4.21.2008

O cepticismo mitigado


O cepticismo de David Hume é mitigado, isto é, moderado.

E porquê?
Em primeiro lugar, Hume rejeita todo o cepticismo radical, seja o cartesiano – porque desconfiar totalmente das nossas faculdades inviabiliza o recurso a qualquer forma de evidência como a do cogito para ultrapassar essa desconfiança – seja o pirrónico – porque duvidar de tudo o que não podemos justificar torna impossível qualquer forma de acção.

Hume, no entanto, embora não considere necessário rejeitar tudo aquilo que não conseguimos justificar, considera haver razões para avançar com cautela na investigação.

E isto porque estabeleceu as seguintes conclusões:
• somos incapazes de justificar a crença de que a Natureza é uniforme – inerente a todas as nossas inferências causais (princípio da causalidade);
• somos incapazes de justificar a crença de que o mundo exterior é real, pois não conseguimos demonstrar que as nossas percepções são causadas por objectos reais – e sem isto não podemos ter a certeza da verdade das nossas ideias.

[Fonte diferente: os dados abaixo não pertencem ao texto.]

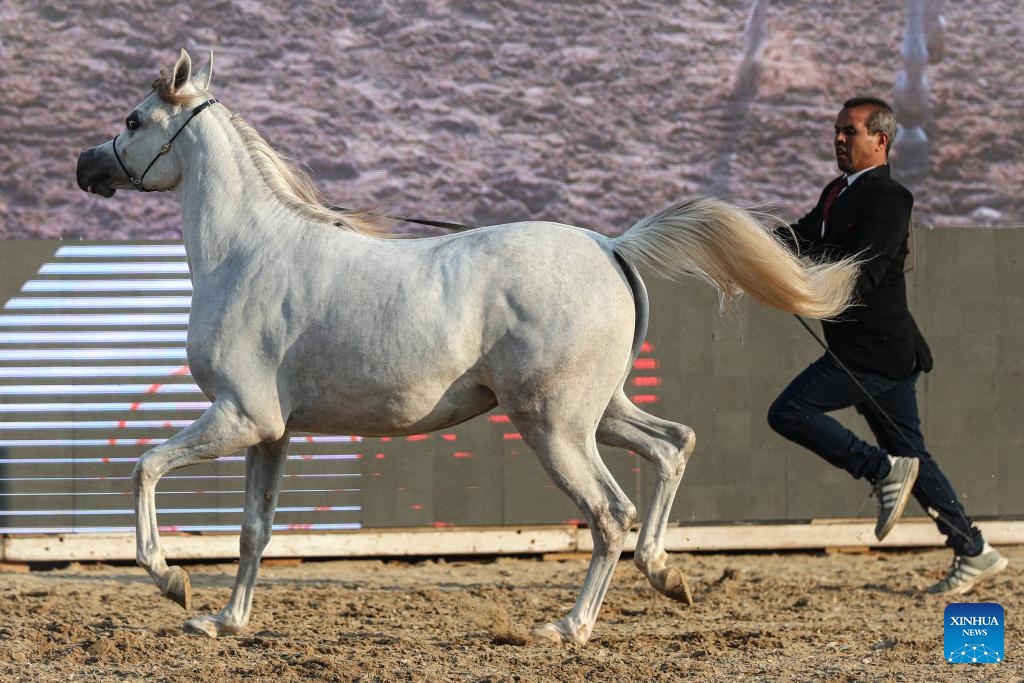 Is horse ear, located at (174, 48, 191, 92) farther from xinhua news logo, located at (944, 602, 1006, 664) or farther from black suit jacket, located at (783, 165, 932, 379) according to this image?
xinhua news logo, located at (944, 602, 1006, 664)

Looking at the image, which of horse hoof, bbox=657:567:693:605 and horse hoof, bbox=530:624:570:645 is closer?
horse hoof, bbox=530:624:570:645

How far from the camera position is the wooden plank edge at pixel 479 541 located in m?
6.98

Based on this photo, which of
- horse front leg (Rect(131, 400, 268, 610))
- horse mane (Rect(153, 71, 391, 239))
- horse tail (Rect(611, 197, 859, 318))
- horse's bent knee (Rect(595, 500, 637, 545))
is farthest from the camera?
horse mane (Rect(153, 71, 391, 239))

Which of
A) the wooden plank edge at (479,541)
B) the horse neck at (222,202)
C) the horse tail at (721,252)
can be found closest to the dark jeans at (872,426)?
the horse tail at (721,252)

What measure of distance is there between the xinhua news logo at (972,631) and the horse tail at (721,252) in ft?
4.21

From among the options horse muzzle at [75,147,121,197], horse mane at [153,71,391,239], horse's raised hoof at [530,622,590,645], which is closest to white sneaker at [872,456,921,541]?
horse's raised hoof at [530,622,590,645]

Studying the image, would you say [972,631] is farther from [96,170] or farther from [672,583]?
[96,170]

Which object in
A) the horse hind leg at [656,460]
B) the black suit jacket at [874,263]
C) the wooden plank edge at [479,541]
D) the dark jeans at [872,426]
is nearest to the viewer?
the horse hind leg at [656,460]

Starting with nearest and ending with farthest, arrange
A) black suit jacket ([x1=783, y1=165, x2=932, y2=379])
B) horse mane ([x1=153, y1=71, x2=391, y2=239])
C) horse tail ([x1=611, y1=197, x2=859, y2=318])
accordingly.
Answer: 1. horse tail ([x1=611, y1=197, x2=859, y2=318])
2. horse mane ([x1=153, y1=71, x2=391, y2=239])
3. black suit jacket ([x1=783, y1=165, x2=932, y2=379])

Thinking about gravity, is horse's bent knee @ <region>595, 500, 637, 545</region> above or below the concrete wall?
above

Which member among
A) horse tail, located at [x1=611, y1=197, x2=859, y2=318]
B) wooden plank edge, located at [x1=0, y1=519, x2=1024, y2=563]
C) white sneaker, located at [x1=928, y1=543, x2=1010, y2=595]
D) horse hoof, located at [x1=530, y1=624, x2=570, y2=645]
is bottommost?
wooden plank edge, located at [x1=0, y1=519, x2=1024, y2=563]

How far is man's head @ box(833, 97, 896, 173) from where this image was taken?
5848mm

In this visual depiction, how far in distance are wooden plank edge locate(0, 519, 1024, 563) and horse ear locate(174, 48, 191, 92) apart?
2819 mm

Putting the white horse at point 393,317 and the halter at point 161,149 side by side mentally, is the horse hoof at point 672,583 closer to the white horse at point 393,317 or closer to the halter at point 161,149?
the white horse at point 393,317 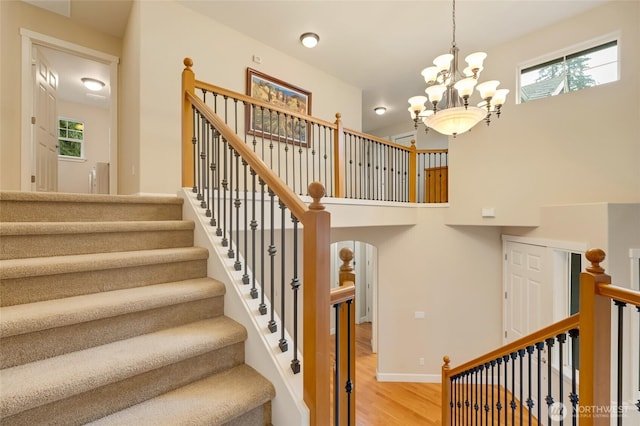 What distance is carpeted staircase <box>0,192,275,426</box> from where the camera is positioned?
1.08 metres

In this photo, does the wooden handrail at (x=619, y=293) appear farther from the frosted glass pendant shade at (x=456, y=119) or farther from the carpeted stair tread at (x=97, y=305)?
the carpeted stair tread at (x=97, y=305)

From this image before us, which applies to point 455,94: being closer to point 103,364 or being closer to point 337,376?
point 337,376

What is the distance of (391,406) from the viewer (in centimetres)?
438

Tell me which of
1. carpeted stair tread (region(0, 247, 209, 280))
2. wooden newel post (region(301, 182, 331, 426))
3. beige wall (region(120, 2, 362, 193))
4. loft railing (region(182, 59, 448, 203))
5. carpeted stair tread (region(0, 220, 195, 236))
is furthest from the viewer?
loft railing (region(182, 59, 448, 203))

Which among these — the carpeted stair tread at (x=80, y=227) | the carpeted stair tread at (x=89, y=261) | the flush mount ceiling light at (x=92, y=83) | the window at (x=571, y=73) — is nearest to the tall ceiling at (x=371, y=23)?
the window at (x=571, y=73)

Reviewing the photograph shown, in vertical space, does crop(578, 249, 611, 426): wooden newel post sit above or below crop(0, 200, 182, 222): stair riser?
below

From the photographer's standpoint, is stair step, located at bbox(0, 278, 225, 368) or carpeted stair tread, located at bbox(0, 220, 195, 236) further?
carpeted stair tread, located at bbox(0, 220, 195, 236)

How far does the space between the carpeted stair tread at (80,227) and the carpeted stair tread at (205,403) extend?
1.02 meters

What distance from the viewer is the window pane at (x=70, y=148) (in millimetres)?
6301

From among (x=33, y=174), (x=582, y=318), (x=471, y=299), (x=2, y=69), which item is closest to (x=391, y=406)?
(x=471, y=299)

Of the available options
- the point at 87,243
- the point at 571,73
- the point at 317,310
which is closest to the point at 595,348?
the point at 317,310

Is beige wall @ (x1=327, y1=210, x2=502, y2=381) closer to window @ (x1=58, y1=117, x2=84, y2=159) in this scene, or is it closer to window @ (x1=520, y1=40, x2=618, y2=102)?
window @ (x1=520, y1=40, x2=618, y2=102)

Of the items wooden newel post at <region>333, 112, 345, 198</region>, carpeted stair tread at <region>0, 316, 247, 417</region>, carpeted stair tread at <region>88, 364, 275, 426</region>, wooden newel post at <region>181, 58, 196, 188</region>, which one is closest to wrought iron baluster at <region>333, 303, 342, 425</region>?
carpeted stair tread at <region>88, 364, 275, 426</region>

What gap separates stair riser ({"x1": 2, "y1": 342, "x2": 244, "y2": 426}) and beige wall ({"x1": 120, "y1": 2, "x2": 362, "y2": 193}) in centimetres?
252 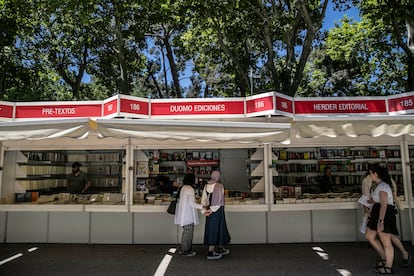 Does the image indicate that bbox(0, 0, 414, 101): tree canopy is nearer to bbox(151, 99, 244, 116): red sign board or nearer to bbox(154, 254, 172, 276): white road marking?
bbox(151, 99, 244, 116): red sign board

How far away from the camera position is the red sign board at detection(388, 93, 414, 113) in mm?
7203

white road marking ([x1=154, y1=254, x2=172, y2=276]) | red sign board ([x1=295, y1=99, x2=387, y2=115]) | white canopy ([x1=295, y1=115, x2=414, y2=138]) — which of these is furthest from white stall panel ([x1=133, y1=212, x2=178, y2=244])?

Em consequência disto, devemos ter consciência dos limites do nosso entendimento e evitar não só o dogmatismo (a confiança cega na possibilidade de obtermos conhecimento), mas também todas as questões cujo carácter excessivamente especulativo torna impossível a certeza de existir correspondência entre uma ideia e uma impressão que estaria na sua origem.
A importância desta posição de Hume pode ser sublinhada pelo facto de Kant (séc. XVIII), um dos maiores filósofos europeus de todos os tempos, ter afirmado que David Hume o despertou do seu sono dogmático: tal despertar esteve na origem de toda a sua investigação filosófica dos limites do conhecimento humano.

Impressões e Ideias


Para David Hume, as ideias são cópias das impressões internas ou externas. Isto significa que as nossas ideias correspondem às nossas percepções dos objectos – princípio da cópia.
Um objecto provoca em nós uma impressão; essa impressão é guardada pela memória e essa recordação da impressão é a ideia que usamos para pensar, imaginar, formular ideias complexas.

Só podemos aceitar como verdadeiras as ideias em relação às quais é possível fazer corresponder a impressão de um objecto. A ideia de esfinge, por exemplo, que resulta do trabalho combinatório da nossa mente, não tem uma correspondência sensorial visto que não é possível ter qualquer percepção de tal animal enquanto ser vivo concreto. O mesmo acontece com a ideia de Deus: não corresponde a nenhuma impressão nascida da experiência sensorial, visto que Deus não é observável, e portanto não constitui um conhecimento verdadeiro.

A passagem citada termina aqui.